DefinedCrowd’s next-gen platform solves the AI data acquisition problem

With all the hype surrounding artificial intelligence, you would be forgiven for thinking that developing the algorithms powering deep learning are where the toughest challenges in the industry are. The actual challenge for most algorithms though is not their mathematics, but rather their inputs — collating high-quality data that is well-labeled and allows for the training of these models as quickly and efficiently as possible.

That’s where DefinedCrowd comes in. The company, which is based in Seattle and Portugal, was founded in 2015 by Daniela Braga, a data scientist and natural language processing expert, and Amy Du, who has since moved on from the company to start a global entrepreneurship network.

We’ve talked about the company back when it participated in Microsoft’s startup accelerator and also when it was featured in the Battlefield at TechCrunch Disrupt New York this past year.

Today, the company is publicly unveiling its next-generation SaaS platform for data scientists. Using the platform, users can use both a UI and an API to search for and select appropriate datasets for their applications. The company focuses on three horizontal areas: voice recognition, natural language processing, and computational imagery.

“Our value proposition is around quality of data, speed and scale,” Braga explained. “There is a challenge that if you use bad data, then you get garbage out of the [AI] model. We are solving these pain points, which were my own pain points when I started my career as a data scientist.”

For Braga, the mission is personal. She has spent almost 17 years doing data analysis in the corporate world, only to keep running up to the challenges of finding the data she needed to tune her models. “I had all the money in the world to gather data back in those days, but I still couldn’t spend money to get data because the scale I needed just wasn’t available in the market,” she explained. “You try to do this in-house, but that doesn’t scale well.”

Over the past two years, DefinedCrowd has built out an engine for churning out high-quality data at scale.
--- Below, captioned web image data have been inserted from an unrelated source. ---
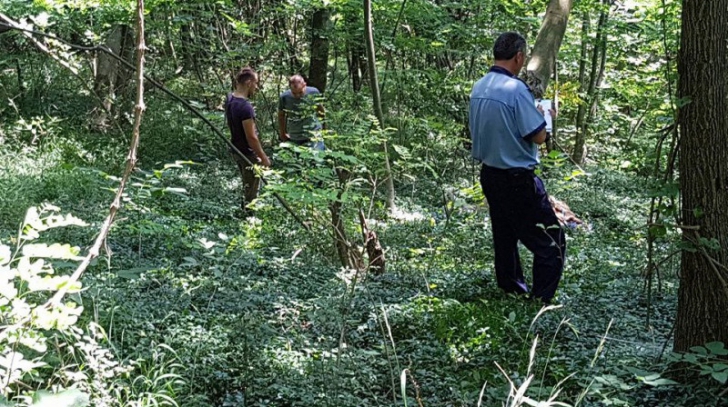 Cruzime extremă: Trei câini, spânzuraţi într-o pădure din Vâlcea. Poliţia a deschis dosar penal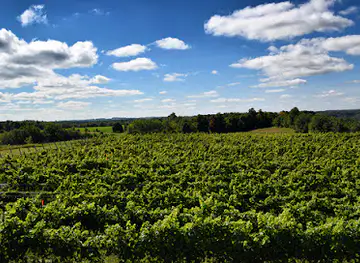 Adamo Estate Winery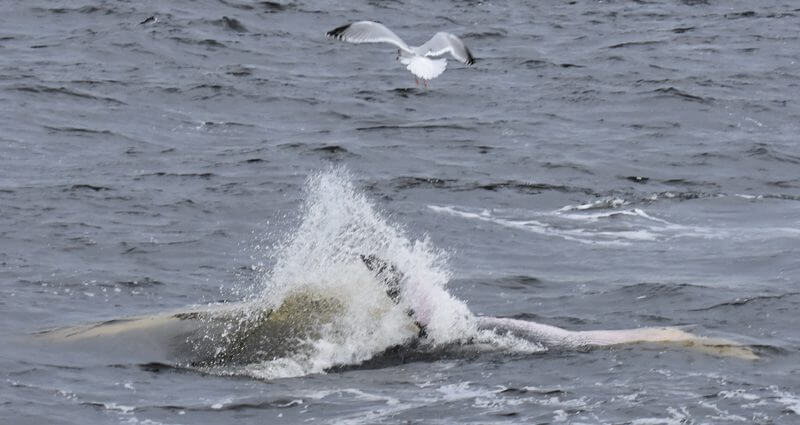 A minke whale lunge-feeding at the surface. 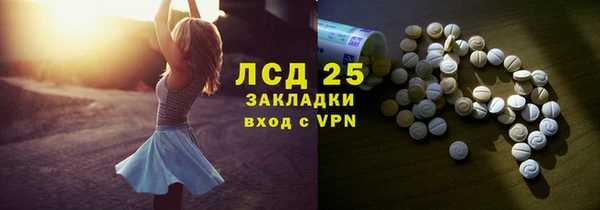 прущие грибы Белоозёрский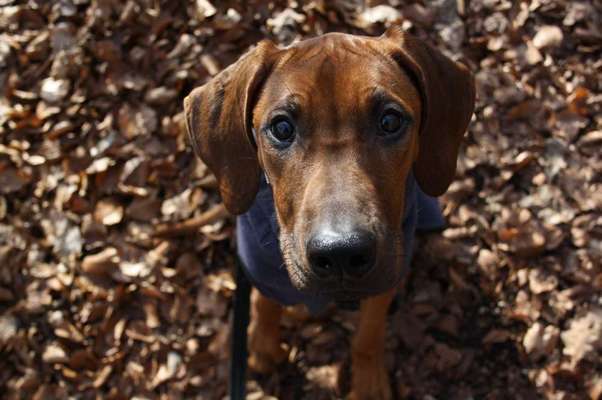 Austausch zur Fotografie-Beitrag-Bild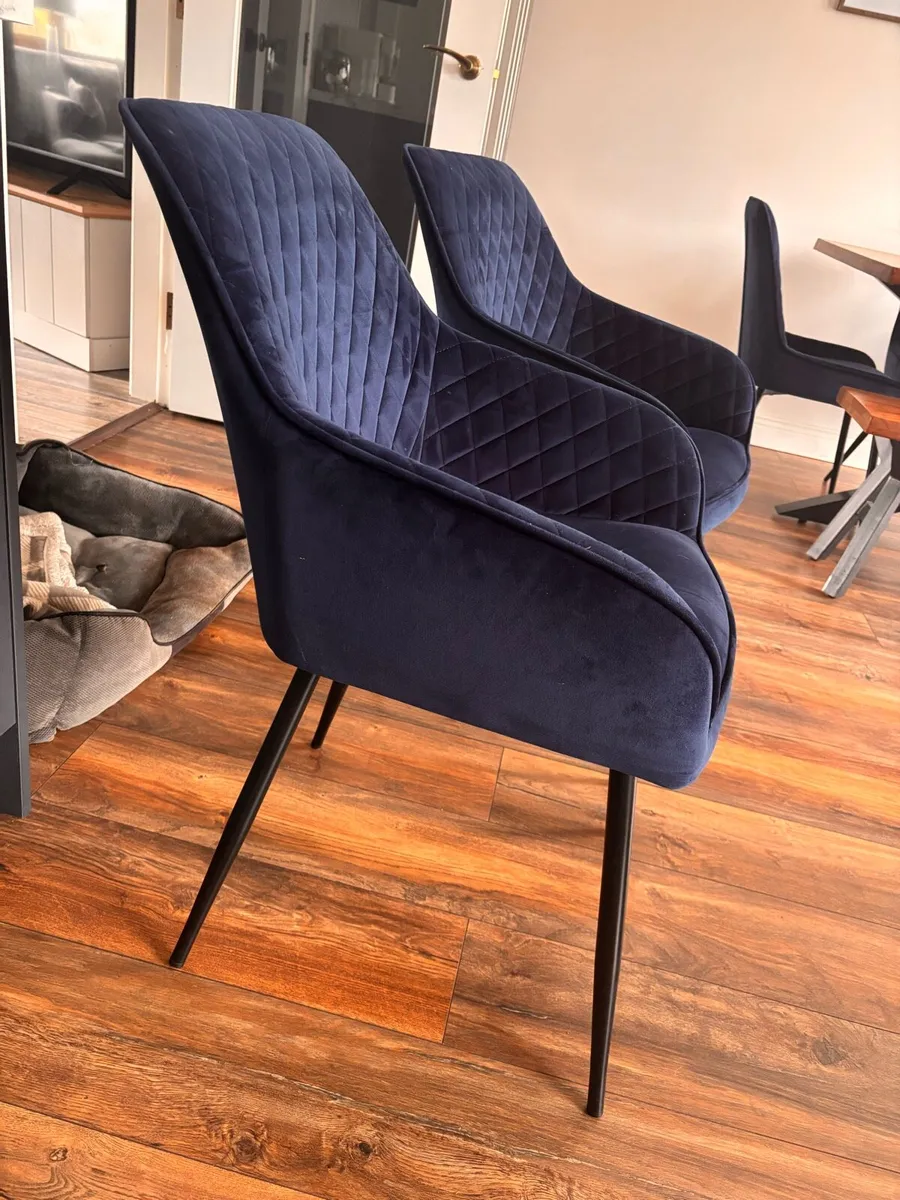 Navy Blue Hamilton Dining Chairs from Next - Image 2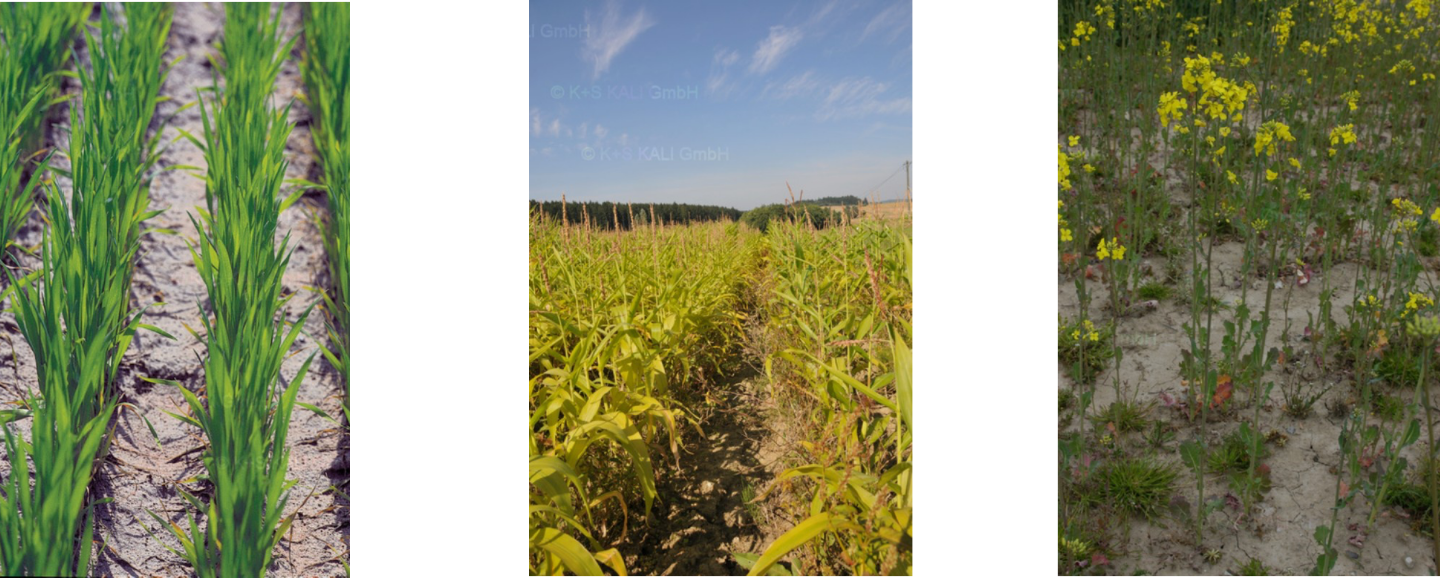 Nitrogen deficiency in wheat, corn and rapeseed (left to right) Nitrogen deficiency in wheat, corn and rapeseed (left to right)
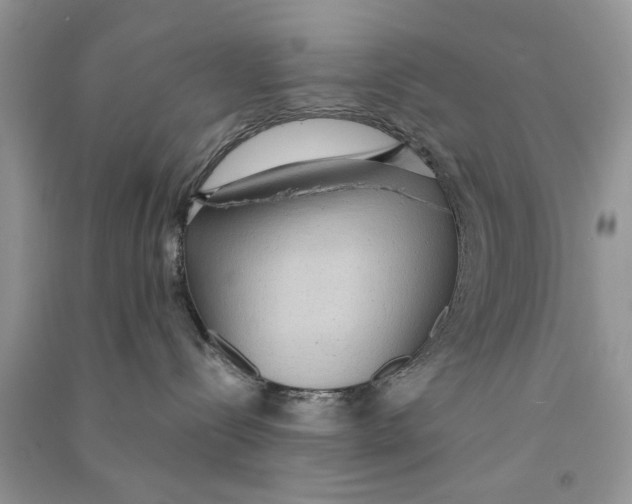 X0000090770288200708172114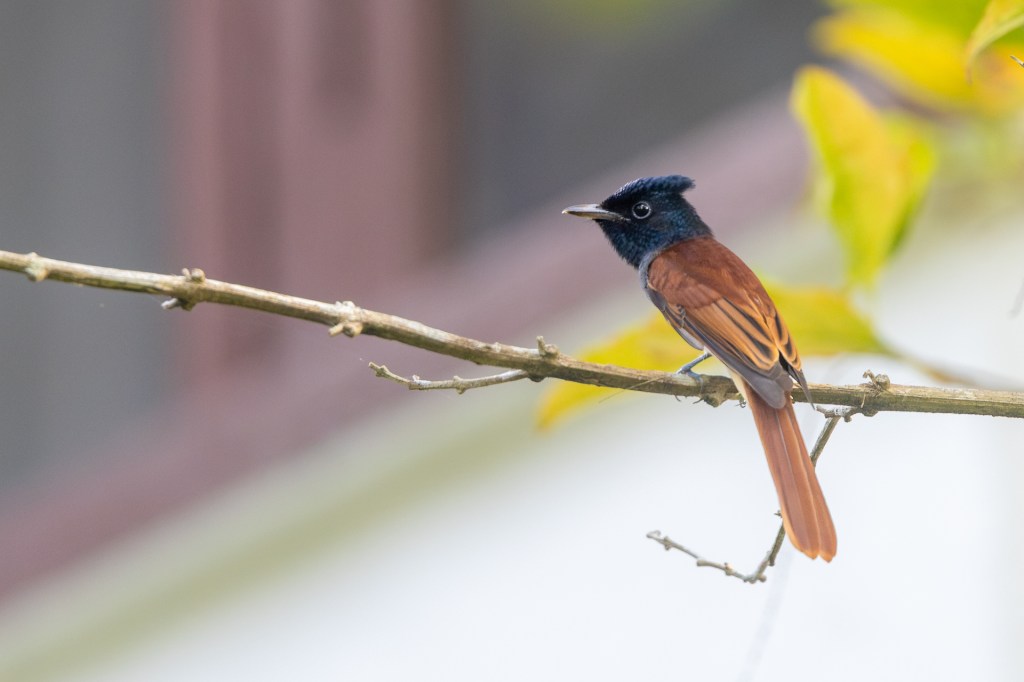 Amur Paradise Flycatcher @ Singapore Botanical Gardens, Singapore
The company started by constructing essentially a crowdsourced mechanical turk for labeling words and sentences in multiple languages. Today, there are more than 20,000 people on the platform working on building better data sets, and experts in that network span 46 different languages.

After collecting data from the market, DefinedCrowd’s goal is to help users with common AI tasks find exactly the data they need. As part of the SaaS offering, the product offers workflows and templates to get users moving quickly. Users can also take existing datasets off the shelf to move rapidly toward training their AI models.

The key value of the platform though is customization. Using the workers on its platform, DefinedCrowd can augment existing datasets with new specialized data that can help tune models for specific applications.

Take, for instance, building a chat bot for the airline industry. While there are general solutions available on the market that can interpret text or voice, it is hard to create a customized dataset for the specific needs of the travel industry while also offering internationalization in multiple languages. With DefinedCrowd, an airline, for instance, could generate multiple customized datasets for the product and feed that into their NLP model, increasing their product’s effectiveness.

The company has developed special pools of workers who can work in specialized and highly-regulated spaces like finance and healthcare — areas where translations have to be precisely accurate.

The company straddles the Seattle and Portugal tech ecosystems, and continues to grow, with 10 employees in Seattle and another 20 employees in Portugal. The platform is available in monthly and annual plans, with pricing depending on the customer.